Coproduction Office, founded in 1987, is composed of four production divisions in Berlin, Paris, Copenhagen and London, and an international sales company, all specialised in Auteur Cinema. Coproduction Office’s founder Philippe Bober has produced forty films to date with twelve of these having been selected to screen in Competition in Cannes, winning two Golden Palms: Triangle of Sadness and The Square both by Ruben Östlund.
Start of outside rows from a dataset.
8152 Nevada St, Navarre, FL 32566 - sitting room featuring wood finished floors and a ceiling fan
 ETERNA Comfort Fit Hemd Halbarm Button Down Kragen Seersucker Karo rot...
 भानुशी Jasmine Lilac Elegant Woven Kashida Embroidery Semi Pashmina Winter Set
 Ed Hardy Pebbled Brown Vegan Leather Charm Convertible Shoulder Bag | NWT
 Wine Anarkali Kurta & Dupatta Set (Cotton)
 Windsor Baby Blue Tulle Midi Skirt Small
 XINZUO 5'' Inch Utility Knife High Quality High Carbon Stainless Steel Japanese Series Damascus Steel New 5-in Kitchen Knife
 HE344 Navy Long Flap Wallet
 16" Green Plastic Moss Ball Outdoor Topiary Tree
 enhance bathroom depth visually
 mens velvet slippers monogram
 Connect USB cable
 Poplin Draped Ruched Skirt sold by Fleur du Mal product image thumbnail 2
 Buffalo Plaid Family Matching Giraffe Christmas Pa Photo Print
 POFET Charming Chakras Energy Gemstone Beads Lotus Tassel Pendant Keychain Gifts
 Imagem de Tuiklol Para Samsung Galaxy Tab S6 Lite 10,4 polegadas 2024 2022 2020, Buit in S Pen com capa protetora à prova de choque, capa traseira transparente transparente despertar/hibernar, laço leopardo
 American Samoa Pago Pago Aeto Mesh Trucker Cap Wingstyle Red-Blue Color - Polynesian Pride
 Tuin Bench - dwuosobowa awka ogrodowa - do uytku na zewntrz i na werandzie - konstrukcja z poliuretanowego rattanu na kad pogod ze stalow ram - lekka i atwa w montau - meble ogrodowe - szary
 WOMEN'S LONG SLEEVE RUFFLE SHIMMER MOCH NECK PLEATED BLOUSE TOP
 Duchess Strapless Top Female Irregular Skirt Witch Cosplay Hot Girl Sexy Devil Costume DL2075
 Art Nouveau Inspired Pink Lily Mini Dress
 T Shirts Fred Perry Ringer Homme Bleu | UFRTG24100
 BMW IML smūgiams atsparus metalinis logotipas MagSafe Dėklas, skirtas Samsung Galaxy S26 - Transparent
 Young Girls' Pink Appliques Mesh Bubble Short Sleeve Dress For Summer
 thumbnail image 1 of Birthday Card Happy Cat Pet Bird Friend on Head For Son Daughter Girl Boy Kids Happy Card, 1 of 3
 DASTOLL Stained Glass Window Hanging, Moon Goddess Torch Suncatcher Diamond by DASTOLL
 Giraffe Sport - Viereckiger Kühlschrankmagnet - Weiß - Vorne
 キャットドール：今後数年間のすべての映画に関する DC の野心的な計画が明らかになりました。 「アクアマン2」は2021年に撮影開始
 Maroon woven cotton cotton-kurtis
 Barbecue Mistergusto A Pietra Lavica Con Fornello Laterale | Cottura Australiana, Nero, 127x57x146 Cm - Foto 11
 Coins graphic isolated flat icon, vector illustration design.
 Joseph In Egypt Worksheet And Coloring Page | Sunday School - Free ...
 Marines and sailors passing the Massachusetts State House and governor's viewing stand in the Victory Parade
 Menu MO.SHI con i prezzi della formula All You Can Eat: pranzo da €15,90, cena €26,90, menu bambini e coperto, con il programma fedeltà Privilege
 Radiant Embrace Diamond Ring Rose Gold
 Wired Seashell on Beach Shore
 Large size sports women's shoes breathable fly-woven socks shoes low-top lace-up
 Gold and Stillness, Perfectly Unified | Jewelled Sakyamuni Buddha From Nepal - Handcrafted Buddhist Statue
Over the last two decades, it has mainly produced and handled films by Ulrich Seidl, Jessica Hausner, Roy Andersson, Michelangelo Frammartino,  Kornél Mundruczó, Ilya Khrzhanovsky, Carlos Reygadas, Ruben Östlund, and has also sold films by, among others, Gust Van den Berghe, Takashi Miike, Antonio Campos, Cristi Puiu, Corneliu Porumboiu and Thomas Clay. 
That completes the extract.